Good next steps for evolving OnCallAI include:
- Connect real alert providers such as CloudWatch, PagerDuty, Datadog, Grafana, New Relic, or Opsgenie.
- Replace more heuristic analysis paths with retrieval-backed or model-backed reasoning.
- Add incident enrichment from dashboards, deploy metadata, and service ownership data.
- Introduce broader correlation across multiple signals and incidents.
- Formalize the local Python workflow with LangGraph for typed state, conditional routing, retries, and human review checkpoints.
- Add automated remediation suggestions with human approval gates.
- Expand the UI into a richer operations console with deeper search, collaboration, and audit views.
OnCallAI can be positioned as:
- A hackathon project focused on agentic operations tooling.

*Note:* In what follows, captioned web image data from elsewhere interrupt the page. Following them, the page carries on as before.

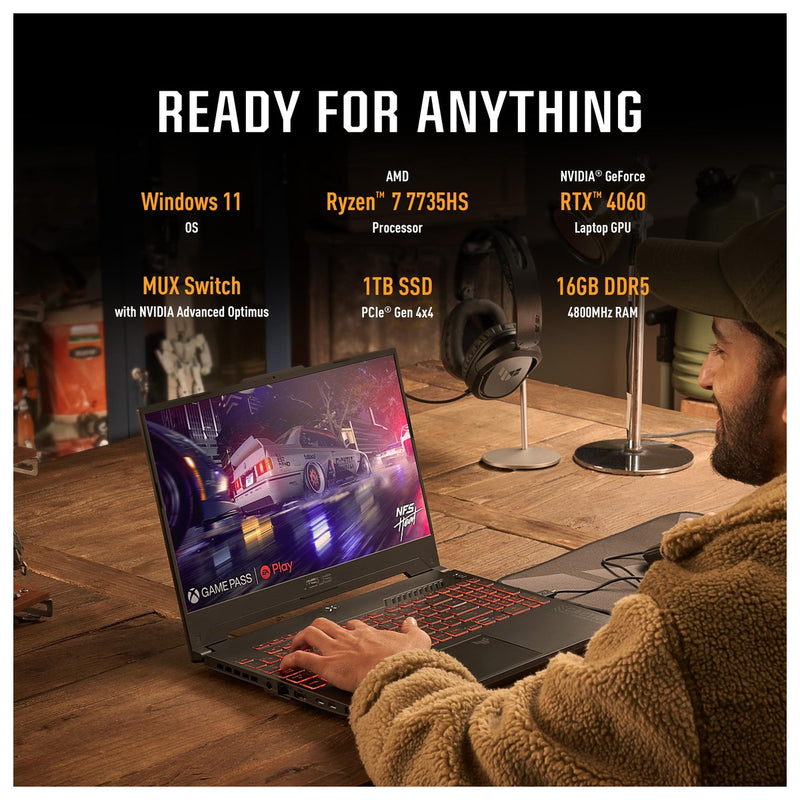 ASUS TUF Gaming A15 (2023), Laptop gaming, 15.6'' FHD 144Hz, 100% sRGB, GeForce RTX 4060, Ryzen 7 7735HS, 16GB DDR5, 1TB PCIe SSD, Win 11
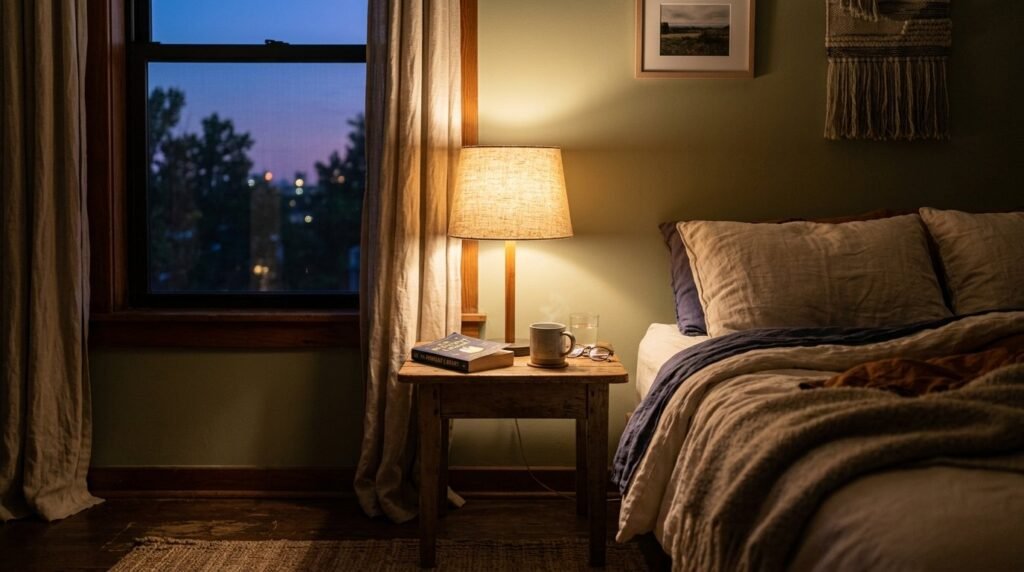 A soft, cozy bedroom corner with plush pillows, warm lighting, and minimalist decor for a relaxing sanctuary.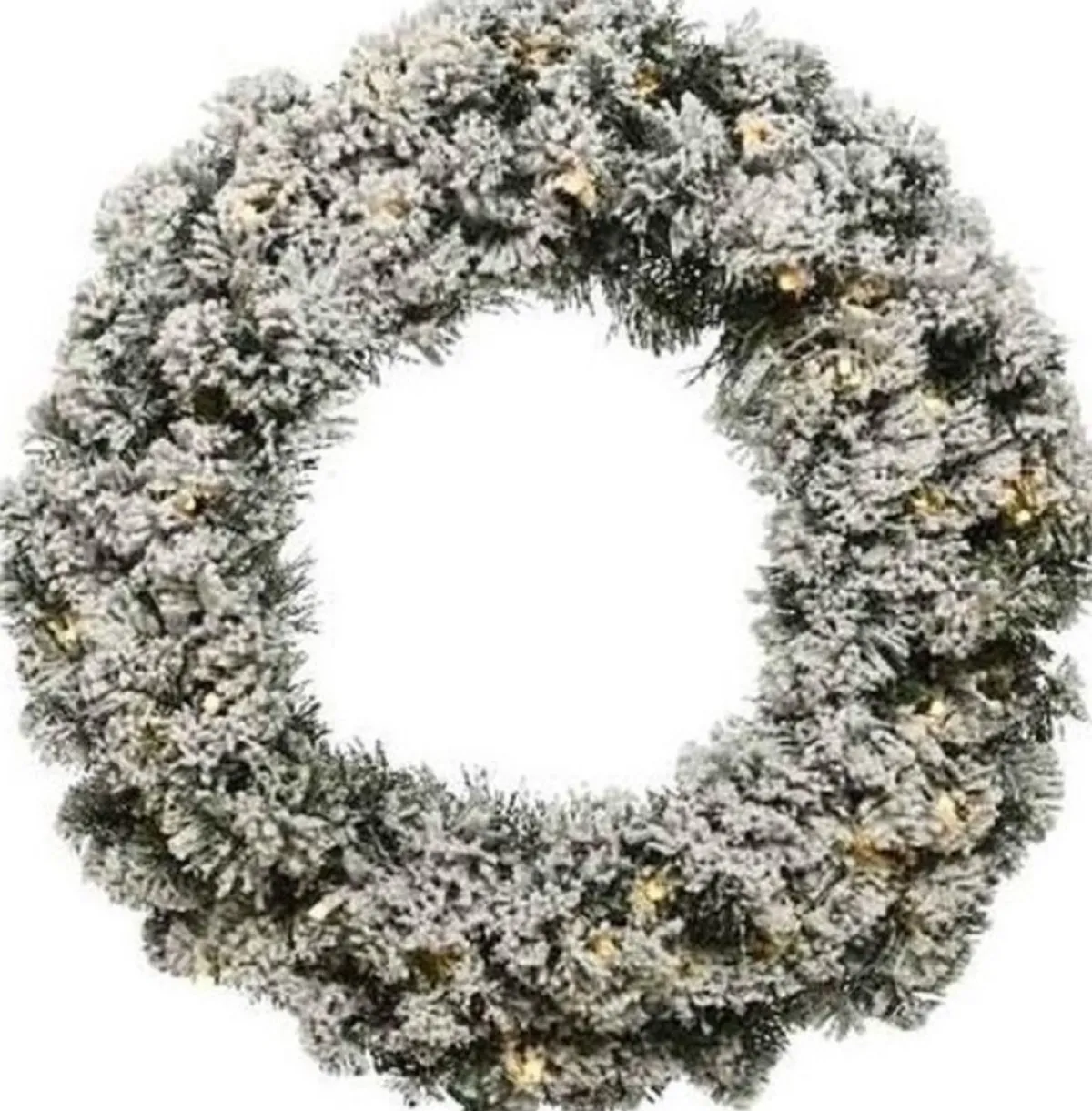 Decoris Kerstkransen>Set Van 2X Stuks Groen/Witte Kerstkrans 60 Cm Imperial Met Kunstsneeuw En Led-Lichtjes - Kerstkransen Kerstversieringen/Kerstdecoraties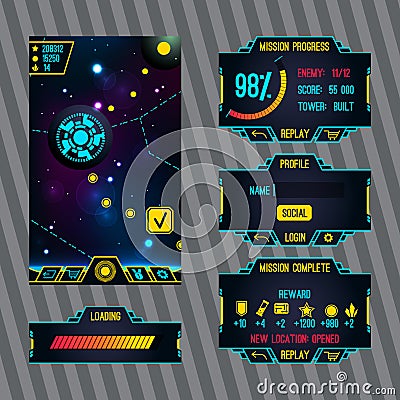 Futuristic space game interface with screen Vector Illustration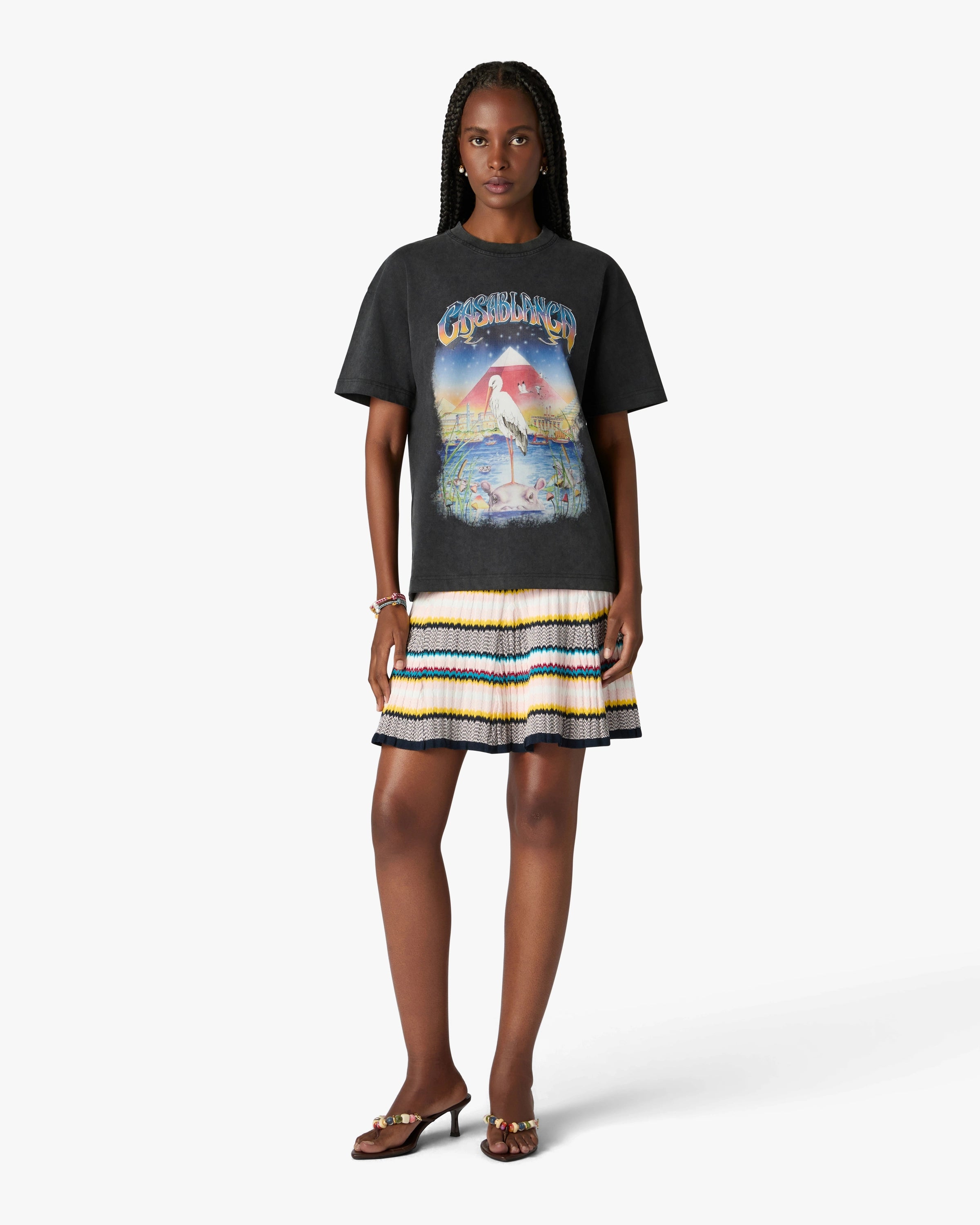 Casablanca Egypt As It Was t-shirt nera oversize stampa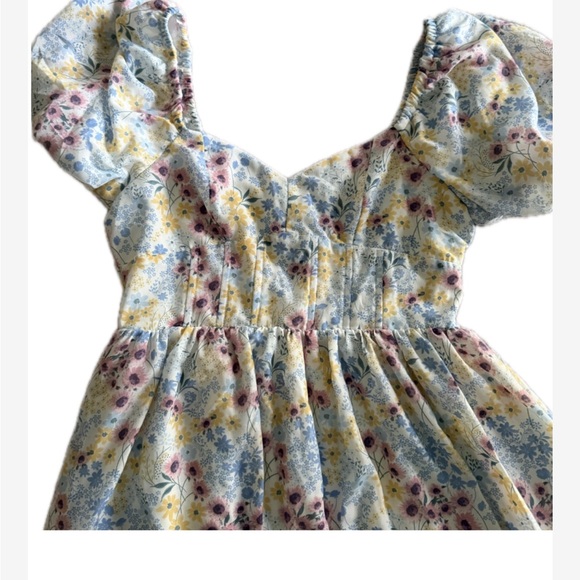 Altar'd State Floral Puff-Sleeve Mini Dress in Yellow, Blue & Pink cottagecore - Picture 2 of 4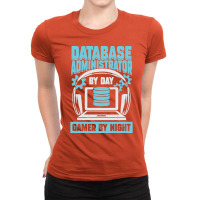 Database Administrator By Day Gamer By Night Yello Ladies Fitted T-shirt | Artistshot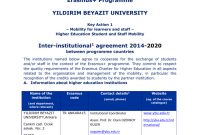 Erasmus Bilateral Agreement  Yıldırım Beyazıt Üniversitesi pertaining to Erasmus Bilateral Agreement Template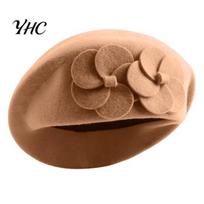 Artist Hat Beret Dual Flowers Decor Elegant Classic Plain Soft Keep Warm Girls Solid Color Autumn Winter Women French Cap for Outdoor chaki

- A portfolio project demonstrating AI-assisted incident workflows.
- A prototype for internal SRE automation experiments.
- A foundation for future RCA copilots and on-call support systems.
If you are iterating on the project, a practical workflow is:
- Create or seed incidents.
- Run the processor locally.
- Inspect output in the Streamlit UI.
- Improve collection, analysis, or report generation logic.
- Re-run with fresh sample data.
Keep changes small and test the runner and UI together when modifying core incident flow.
This repository includes a LICENSE file at the root. Review it before external reuse or distribution.